━━ GIVEN DATA ━━
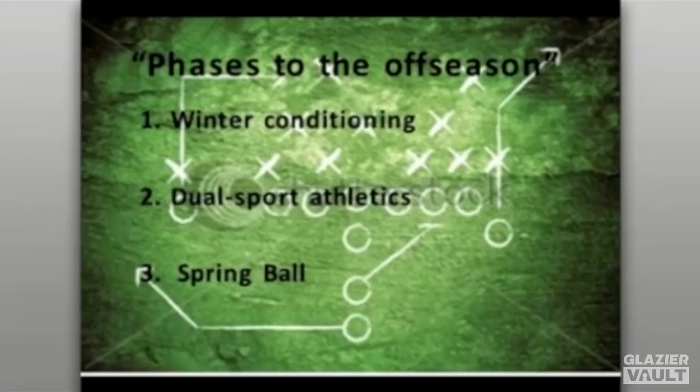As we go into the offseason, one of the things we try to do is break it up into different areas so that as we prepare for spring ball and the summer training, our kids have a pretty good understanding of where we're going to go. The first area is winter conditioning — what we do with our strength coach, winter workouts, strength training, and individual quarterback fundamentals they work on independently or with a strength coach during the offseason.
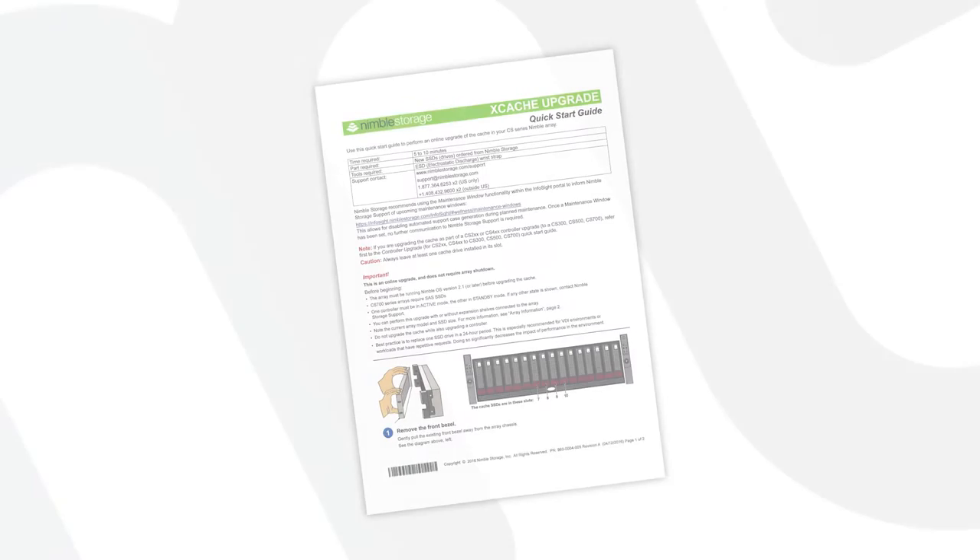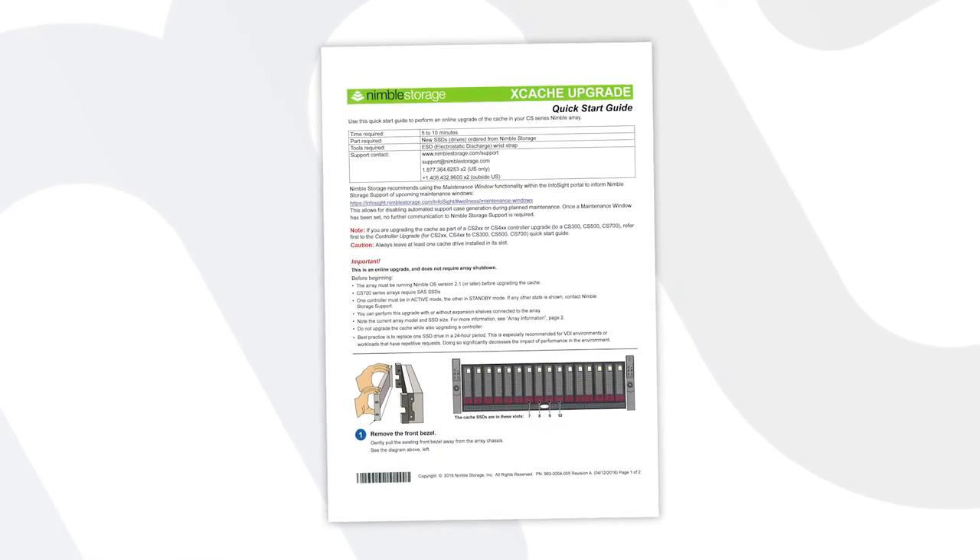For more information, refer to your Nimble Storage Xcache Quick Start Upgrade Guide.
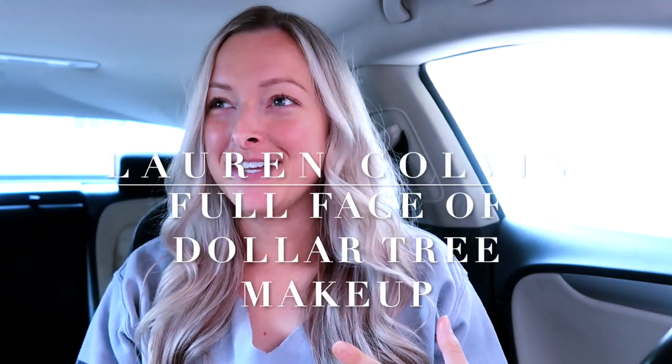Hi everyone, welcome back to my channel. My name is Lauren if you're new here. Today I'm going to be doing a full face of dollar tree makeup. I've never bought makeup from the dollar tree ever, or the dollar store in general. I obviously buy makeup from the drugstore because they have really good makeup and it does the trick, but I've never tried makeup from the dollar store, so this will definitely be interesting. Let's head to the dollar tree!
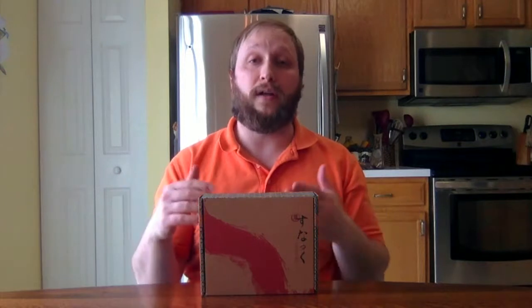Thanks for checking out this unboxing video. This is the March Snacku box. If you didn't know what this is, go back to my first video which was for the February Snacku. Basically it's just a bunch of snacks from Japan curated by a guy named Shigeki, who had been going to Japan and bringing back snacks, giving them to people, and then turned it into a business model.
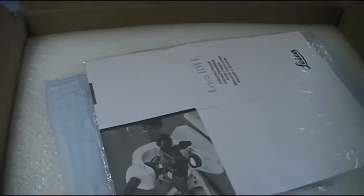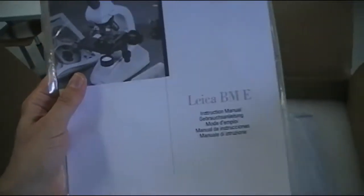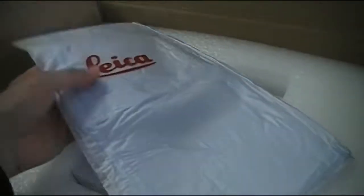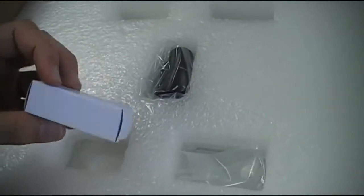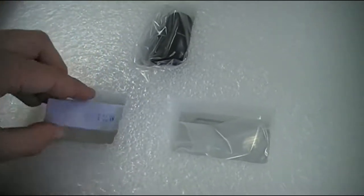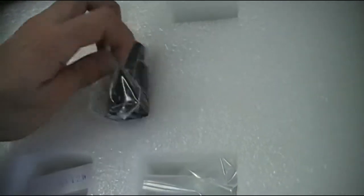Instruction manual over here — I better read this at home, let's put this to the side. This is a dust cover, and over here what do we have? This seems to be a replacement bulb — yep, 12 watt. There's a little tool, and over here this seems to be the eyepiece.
━━━
**HOW TO COMPLETE THIS TASK**.
Your copy of the listing should match it exactly, apart from the pictures, which are left out.

**RESPONSE AREA**.
As we go into the offseason, one of the things we try to do is break it up into different areas so that as we prepare for spring ball and the summer training, our kids have a pretty good understanding of where we're going to go. The first area is winter conditioning — what we do with our strength coach, winter workouts, strength training, and individual quarterback fundamentals they work on independently or with a strength coach during the offseason.
For more information, refer to your Nimble Storage Xcache Quick Start Upgrade Guide.
Hi everyone, welcome back to my channel. My name is Lauren if you're new here. Today I'm going to be doing a full face of dollar tree makeup. I've never bought makeup from the dollar tree ever, or the dollar store in general. I obviously buy makeup from the drugstore because they have really good makeup and it does the trick, but I've never tried makeup from the dollar store, so this will definitely be interesting. Let's head to the dollar tree!
Thanks for checking out this unboxing video. This is the March Snacku box. If you didn't know what this is, go back to my first video which was for the February Snacku. Basically it's just a bunch of snacks from Japan curated by a guy named Shigeki, who had been going to Japan and bringing back snacks, giving them to people, and then turned it into a business model.
Instruction manual over here — I better read this at home, let's put this to the side. This is a dust cover, and over here what do we have? This seems to be a replacement bulb — yep, 12 watt. There's a little tool, and over here this seems to be the eyepiece.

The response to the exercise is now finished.